Speier (D-Silicon Valley) Sows Techno-panic
“Techno-Panics” are public and political crusades against the use of new media or technologies, particularly driven by the desire to protect children. As the moniker suggests, they’re not rational. Techno-panic is about imagined or trumped-up threats, often with a tenuous, coincidental, or potential relationship to the Internet. Adam Thierer and Berin Szoka of the Progress & Freedom Foundation have written extensively about techno-panics on the TechLiberationFront blog.

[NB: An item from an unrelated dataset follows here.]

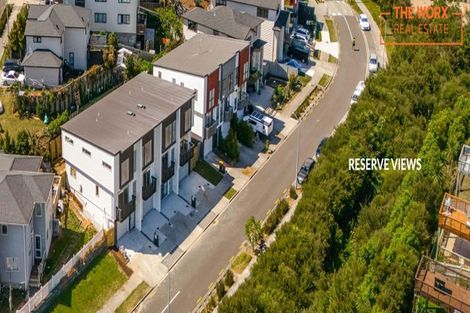 Photo of property in 37 Lawson Creek Street, Massey, Auckland, 0614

Talking about techno-panic does not deny the existence of serious problems. It merely identifies when policymakers and advocates lose their sense of proportion and react in ways that fail to address the genuine issues—such as censoring a web site because it reveals the fact that some few among a community of tens of millions of people will conspire to break the law.
You’d think that a congressional representative from the heart of Silicon Valley would not sow techno-panic, but here’s Jackie Speier (D-Calif.) on the Craigslist censorship issue:
“We can’t forget the victims, we can’t rest easy. Child-sex trafficking continues, and lawmakers need to fight future machinations of Internet-driven sites that peddle children.”
Of all representatives in Congress, Speier should know that Craigslist has been making it easier for law enforcement to locate and enforce the law against any perpetrators of crimes against children. Pushing them to rogue sites does law enforcement no good. Censoring Craiglist only masks the problem, which may be in the interest of politicians, but definitely not children.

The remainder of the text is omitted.